REQUIRED WORK - Your task is to copy the listing exactly. Drop any pictures from the copy.

----- SUPPLIED DATA -----

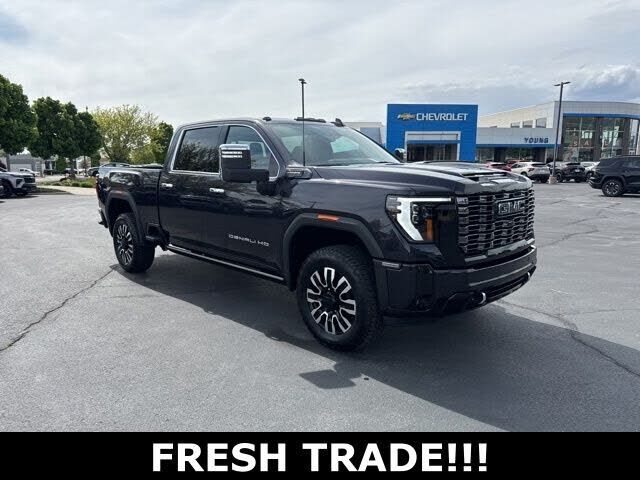 2025 GMC Sierra HD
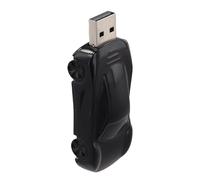 Whychstore Adaptador automático 2 en 1 con cable a inalámbrico CarPlay y Android, caja de IA Plug and Play con Bluetooth 5.0, conexión USB tipo C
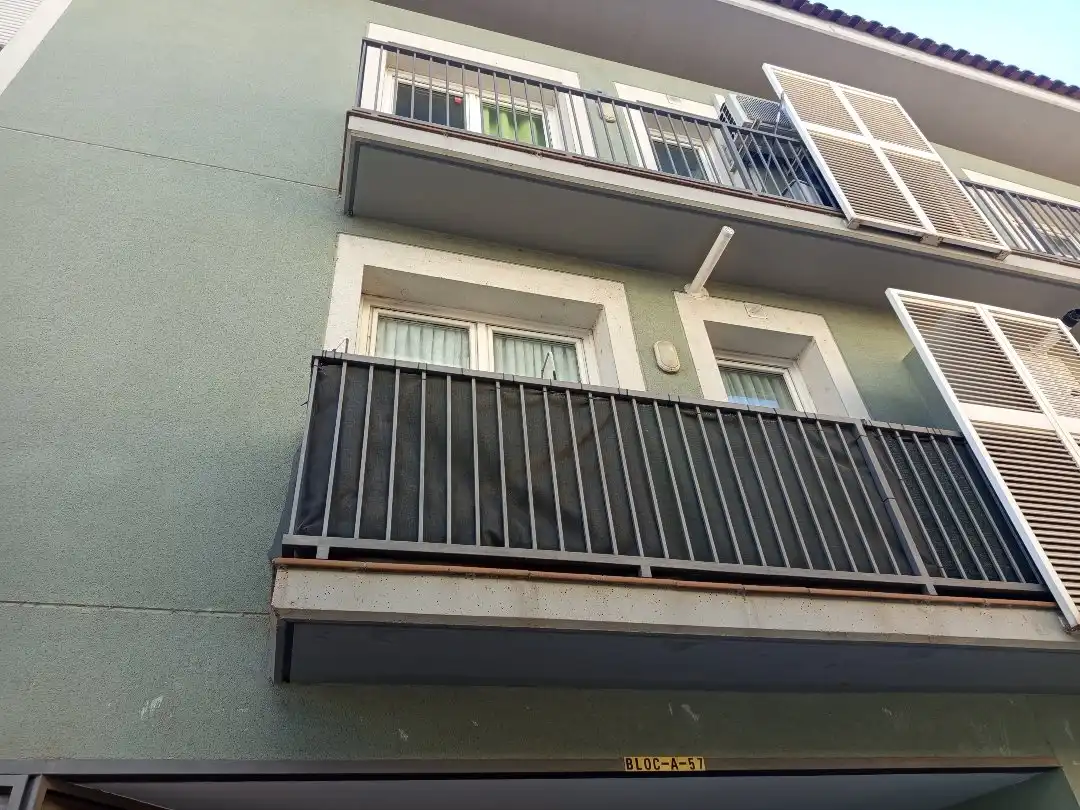 Terrasse von Wohnung zum Verkauf in Sant Martí de Centelles mit Heizung und Parkett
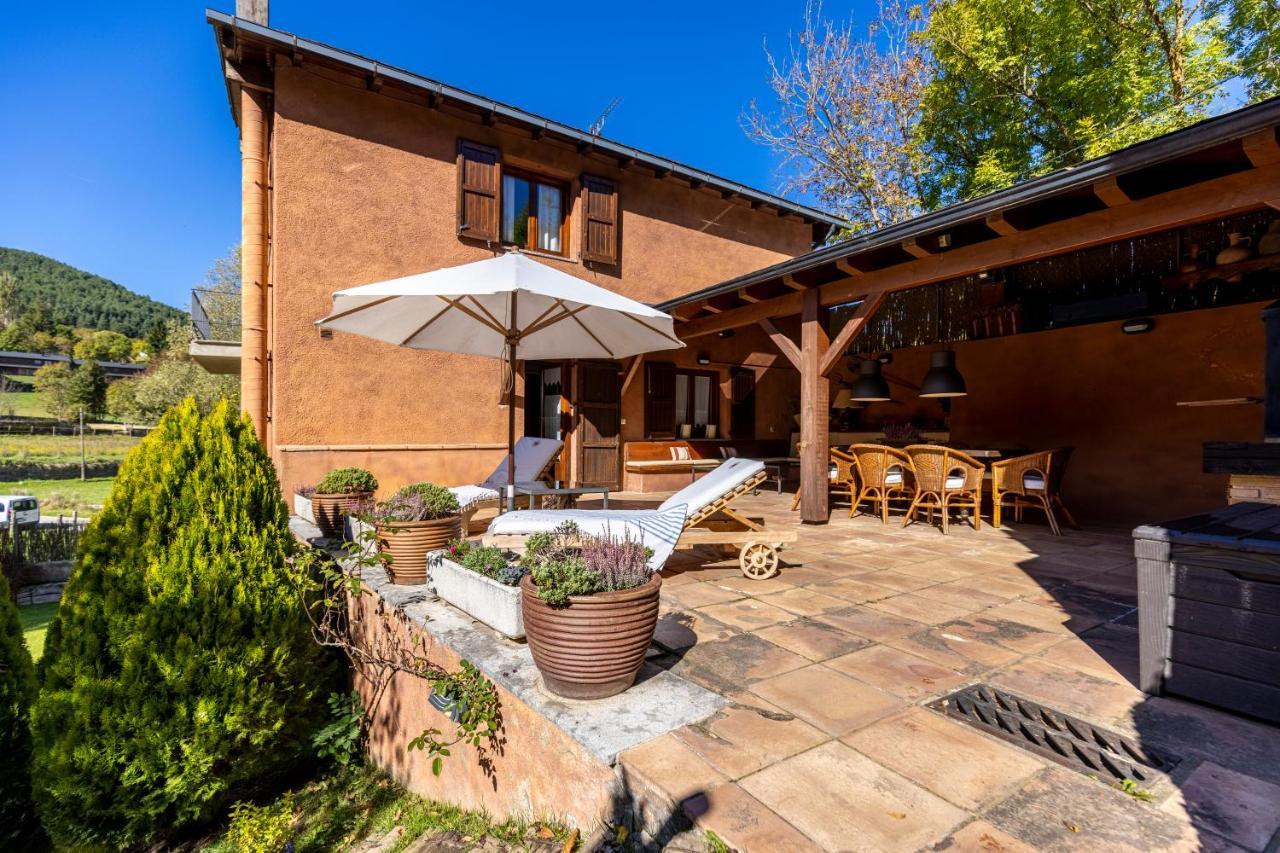 Casa El Moli De Bor A Cerdanya Villa Exteriör bild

-----

ANSWER BOX -
 2025 GMC Sierra HD
 Whychstore Adaptador automático 2 en 1 con cable a inalámbrico CarPlay y Android, caja de IA Plug and Play con Bluetooth 5.0, conexión USB tipo C
 Terrasse von Wohnung zum Verkauf in Sant Martí de Centelles mit Heizung und Parkett
 Casa El Moli De Bor A Cerdanya Villa Exteriör bild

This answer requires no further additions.